## EXERCISE BRIEF:
Using the listing below, give again exactly the lines from the line with "Medical stethoscope on a blue background." to the line with "A gavel, playing cards, and casino chips", inclusive, without the pictures.

───── ENTRIES PROVIDED

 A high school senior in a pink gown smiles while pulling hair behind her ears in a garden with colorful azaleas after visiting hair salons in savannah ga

──────────
───── ENTRIES PROVIDED

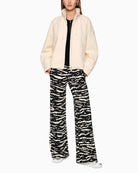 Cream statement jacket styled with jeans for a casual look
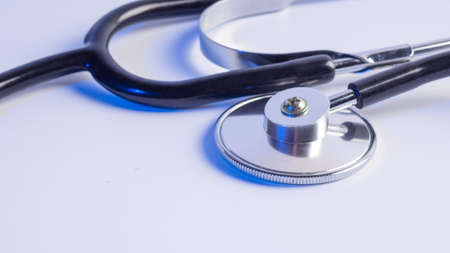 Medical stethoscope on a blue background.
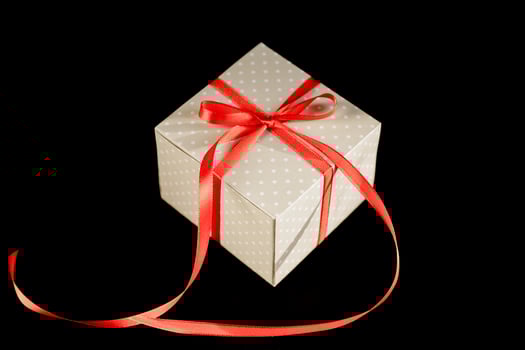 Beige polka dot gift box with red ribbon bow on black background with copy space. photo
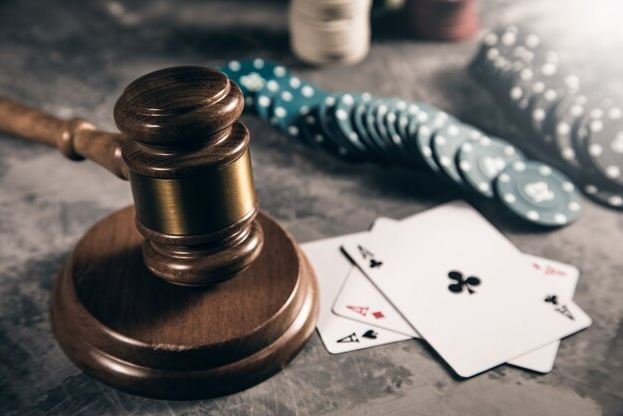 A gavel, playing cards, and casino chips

──────────

## ANSWER:
 Medical stethoscope on a blue background.
 Beige polka dot gift box with red ribbon bow on black background with copy space. photo
 A gavel, playing cards, and casino chips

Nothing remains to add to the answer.